What do you think of the trend?
I really like the style of the sandals, I keep buying different versions of the sandal.


----------



## SoSoAmazin (Apr 13, 2008)

I like 'em! I just bought 2 pairs (urbanoutfitters & bakers 
	

	
	
		
		

		
			





 ) but I like the simpler styles, not OTT and not super-gladiators. lol.


----------



## KeshieShimmer (Apr 13, 2008)

Hate em, I will take gladiator sandals only with a Gladiator attached.


----------



## browneyedbaby (Apr 13, 2008)

I like some versions... I've got a pair from last summer that I love but they aren't full on gladiator style, just a variation on the style.


----------



## girlstar (Apr 13, 2008)

I love them and I can't wait till it gets warmer to wear them!!

I bought these ones 
	

	
	
		
		

		
		
	


	



Next - Shoes - Page 10.7 - Shoes & Boots - Womens


----------



## vivaXglamlove (Apr 13, 2008)

I got these:




Pelle Moda from Nordstrom!


----------



## jilliandanica (Apr 13, 2008)

I love mine! I got these Sam Edelman ones...

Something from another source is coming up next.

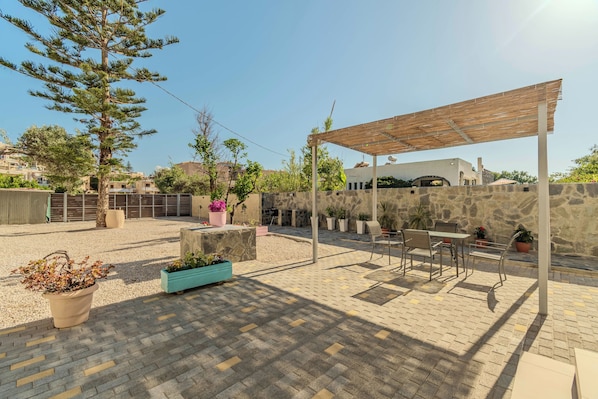 An outdoor patio area with a pergola, seating, and potted plants. - Aspasia House (Platanias)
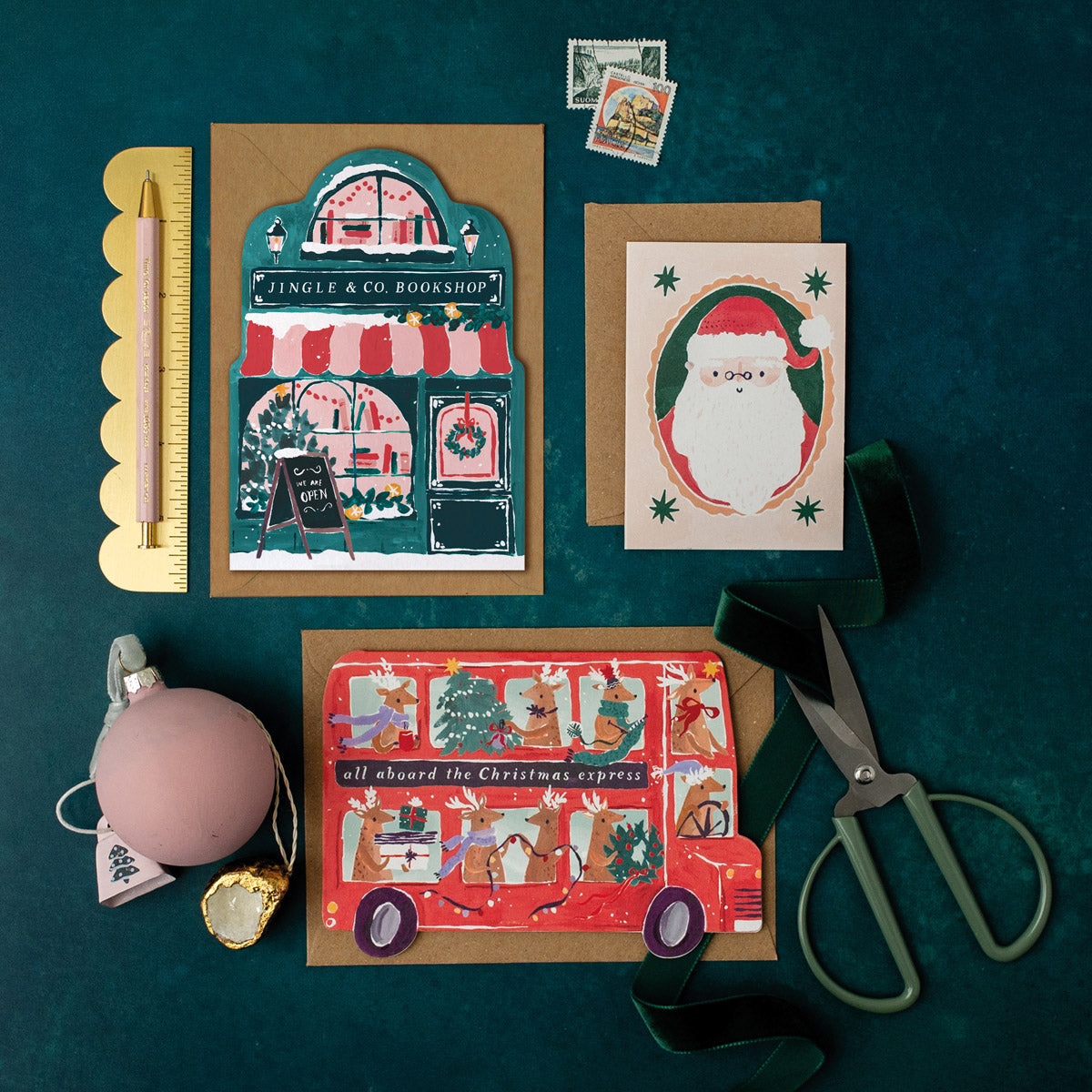 Three Christmas cards on a dark green surface with stationery items including a bookish bookshop Christmas card.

They're great to dress up or down. I want me a pair of heeled gladiators next!


----------



## xoxprincessx0x (Apr 13, 2008)

They are cute but I dont liek the ones that wrap up the ankle. I like the simple thong styles.


----------



## Simply Elegant (Apr 13, 2008)

I love them. I saw a pair at Nine West about a month ago that I really wanted.


----------



## babiid0llox (Apr 22, 2008)

I like them! They're pretty cute I only have 2 pairs though.


----------



## noahlowryfan (Apr 23, 2008)

hate em. they just look so ugly to me. i would never wear them.


----------



## Flammable (Apr 23, 2008)

some styles are really cute, don't like the ones going too much up the ankles. have a pair from enzo angioleni.


----------



## Dani (Apr 23, 2008)

I don't like them.  And they must leave some odd tan lines on your feet =/


----------



## alwaysbella (Apr 23, 2008)

Quote:

   Originally Posted by *KeshieShimmer* 

 
_Hate em, I will take gladiator sandals only with a Gladiator attached._

 
me too! me too!


----------